▶ **AIM OF THE TASK**
The answer is all of the entries below, repeated exactly and free of pictures.

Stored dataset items
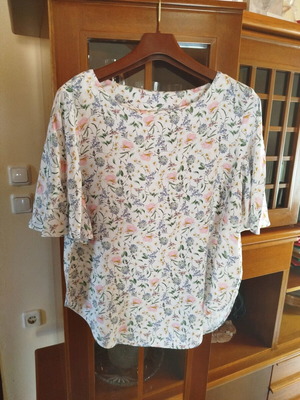 H&M women's blouse like new, size M, white and pink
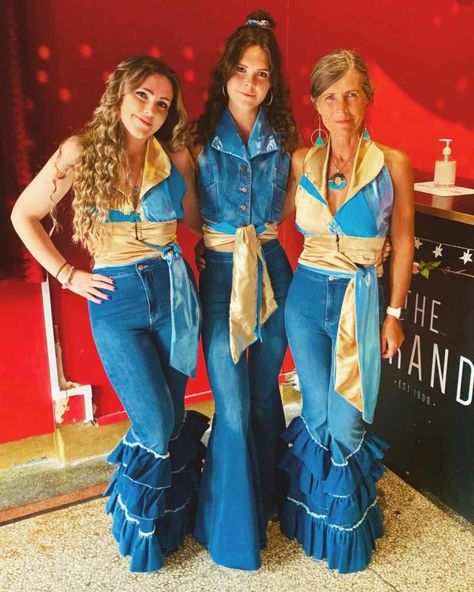 70s Disco Party Outfit, Disco Party Outfit, Abba Outfits, Abba Costumes, Carnaval Outfit, Kostuum Halloween, Trio Halloween Costumes, Queen Outfit, 70s Outfits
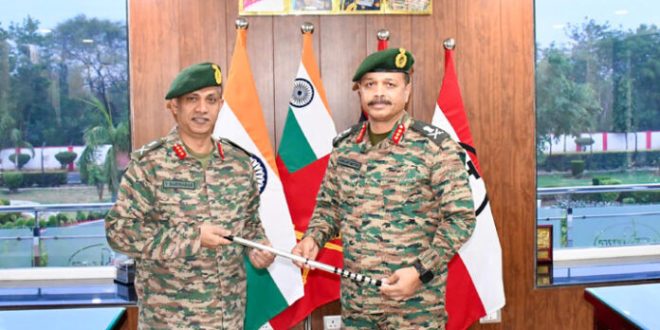 लेफ्टिनेंट जनरल वी हरिहरन ने एक कोर के जनरल ऑफिसर कमांडिंग का पदभार ग्रहण किया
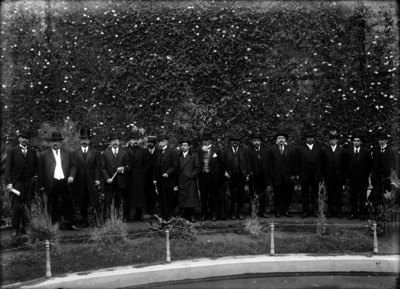 Pedro Lacuráin entre funcionarios, retrato de grupo
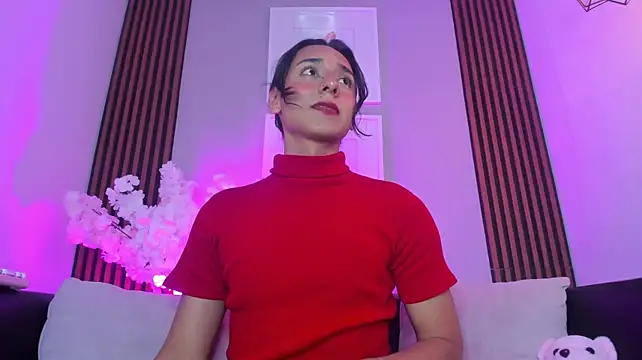 Show modela Elisasue na web-kameri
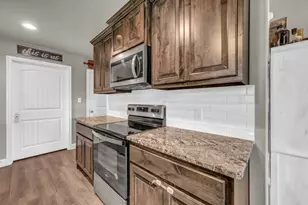 2806 San Gabriel Dr, Granbury, TX 76048 - Photo 12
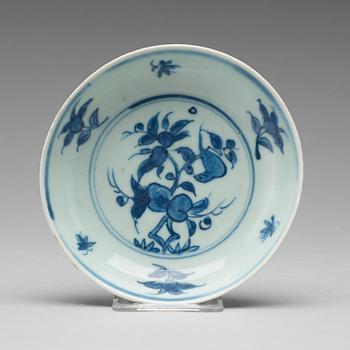 A set of 10 (9+1) blue and white dishes, Ming dynasty, Tianqi/Chongzhen.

▶ **ANSWER TO THE EXERCISE**
 H&M women's blouse like new, size M, white and pink
 70s Disco Party Outfit, Disco Party Outfit, Abba Outfits, Abba Costumes, Carnaval Outfit, Kostuum Halloween, Trio Halloween Costumes, Queen Outfit, 70s Outfits
 लेफ्टिनेंट जनरल वी हरिहरन ने एक कोर के जनरल ऑफिसर कमांडिंग का पदभार ग्रहण किया
 Pedro Lacuráin entre funcionarios, retrato de grupo
 Show modela Elisasue na web-kameri
 2806 San Gabriel Dr, Granbury, TX 76048 - Photo 12
 A set of 10 (9+1) blue and white dishes, Ming dynasty, Tianqi/Chongzhen.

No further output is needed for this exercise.